EXERCISE GOAL: Begin your copy at the line that holds "Chanel Tote Bag" and carry it through the final line of the data, writing out each line exactly and omitting pictures.

[DATA PROVIDED Boundary: Start]

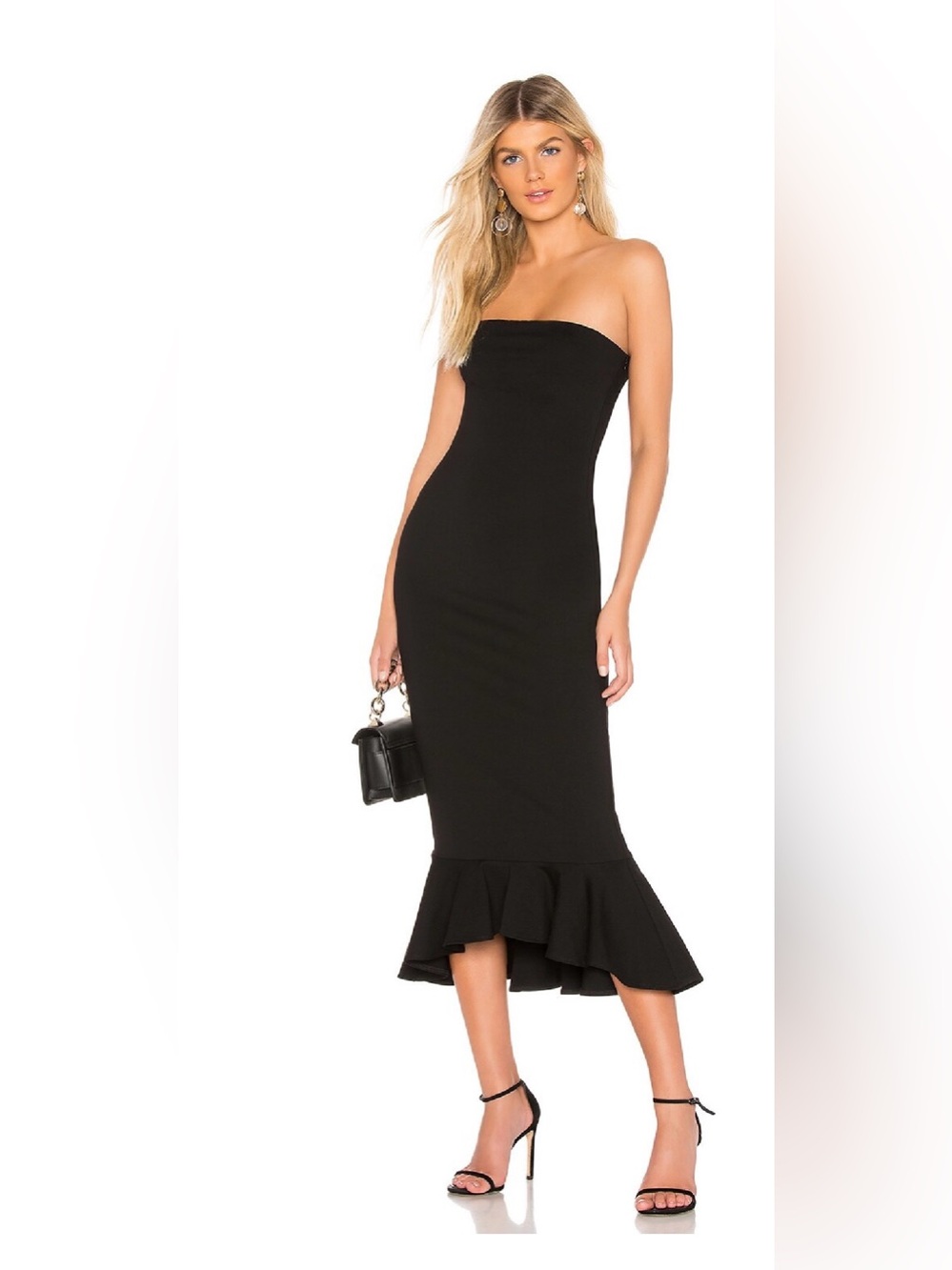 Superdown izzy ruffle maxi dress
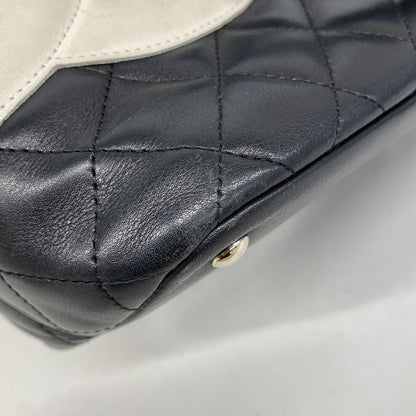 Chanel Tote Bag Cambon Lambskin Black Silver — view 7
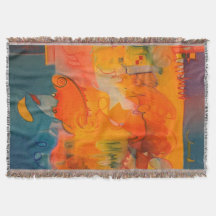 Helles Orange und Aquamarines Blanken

[DATA PROVIDED Boundary: End]

TASK RESPONSE:
 Chanel Tote Bag Cambon Lambskin Black Silver — view 7
 Helles Orange und Aquamarines Blanken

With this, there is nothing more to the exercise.